## Supplied information:
* * * * * * * * *

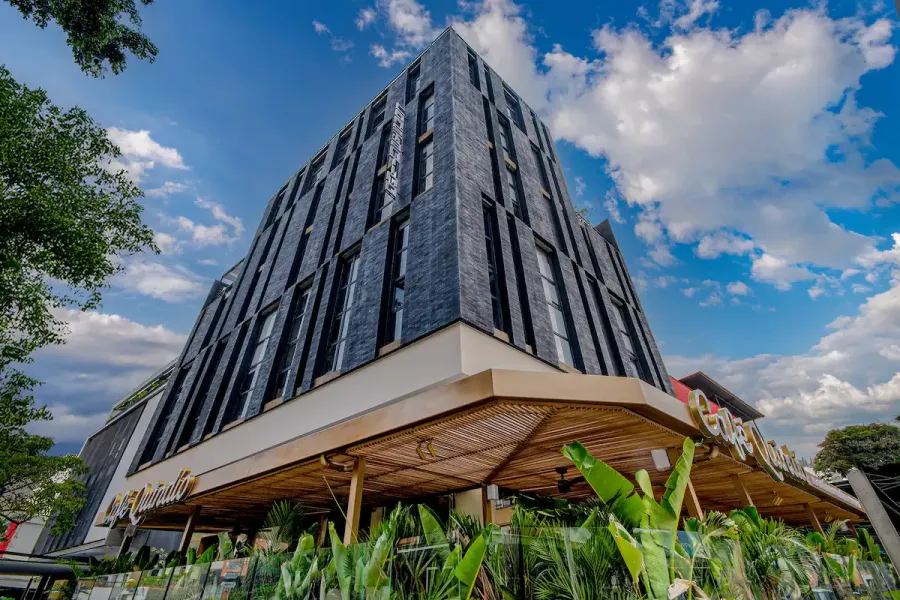 Vista 2 de Constantino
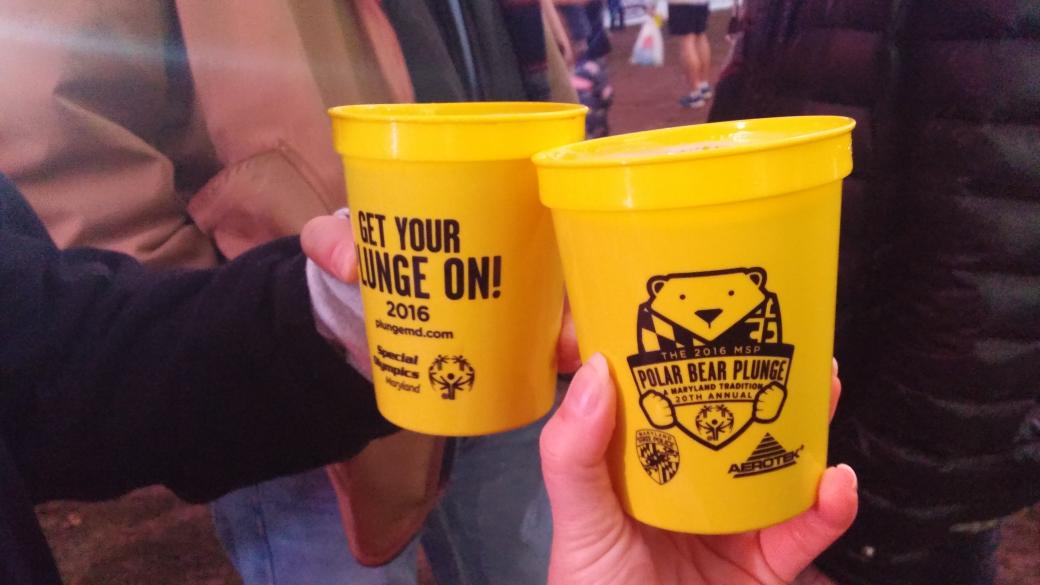 CHEERS from the <a href="/RamsHeadGroup/">Rams Head Restaurants</a> Ice Lodge at <a href="/SpOlympicsMD/">Special Olympics Maryland</a> #plungemd w/ <a href="/FordhamDominion/">Fordham&DominionUK</a> <a href="/FoDoMeghan/">Meghan McCarthy</a>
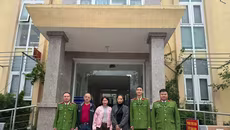 Công an xã Quảng Bị hỗ trợ trao trả người dân hơn 2 tỷ đồng chuyển nhầm vào tài khoản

* * * * * * * * *

## Task:
Reproduce every line above exactly as written, omitting the images.

## Output:
 Vista 2 de Constantino
 CHEERS from the <a href="/RamsHeadGroup/">Rams Head Restaurants</a> Ice Lodge at <a href="/SpOlympicsMD/">Special Olympics Maryland</a> #plungemd w/ <a href="/FordhamDominion/">Fordham&DominionUK</a> <a href="/FoDoMeghan/">Meghan McCarthy</a>
 Công an xã Quảng Bị hỗ trợ trao trả người dân hơn 2 tỷ đồng chuyển nhầm vào tài khoản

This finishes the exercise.